## Task objective:
Pictures stay out, but every line of the data is copied exactly.

## Data section:
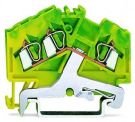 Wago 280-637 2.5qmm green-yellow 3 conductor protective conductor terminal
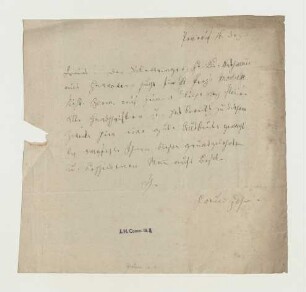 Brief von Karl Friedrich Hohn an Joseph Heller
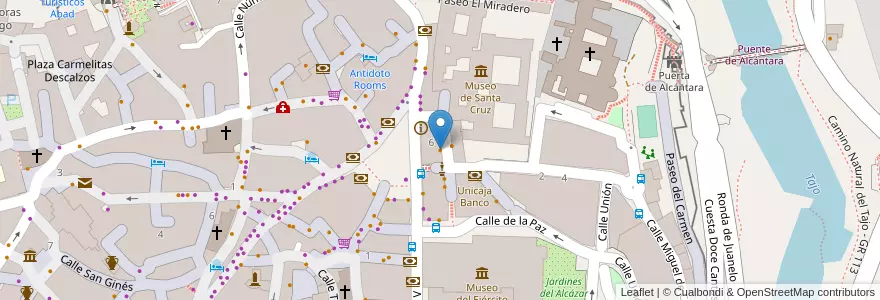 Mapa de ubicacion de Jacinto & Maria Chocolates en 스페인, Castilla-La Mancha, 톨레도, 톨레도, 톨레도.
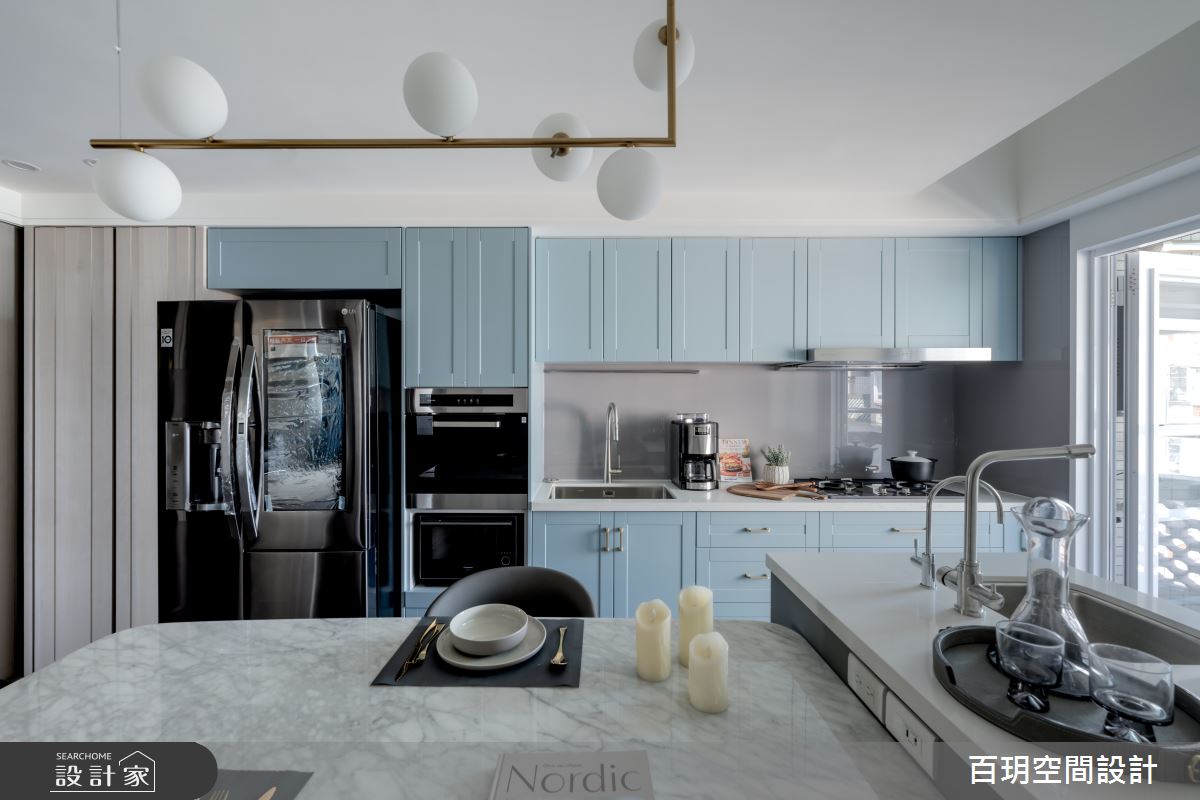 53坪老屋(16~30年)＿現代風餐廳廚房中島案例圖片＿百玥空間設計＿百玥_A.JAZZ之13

## Solution to this exercise:
 Wago 280-637 2.5qmm green-yellow 3 conductor protective conductor terminal
 Brief von Karl Friedrich Hohn an Joseph Heller
 Mapa de ubicacion de Jacinto & Maria Chocolates en 스페인, Castilla-La Mancha, 톨레도, 톨레도, 톨레도.
 53坪老屋(16~30年)＿現代風餐廳廚房中島案例圖片＿百玥空間設計＿百玥_A.JAZZ之13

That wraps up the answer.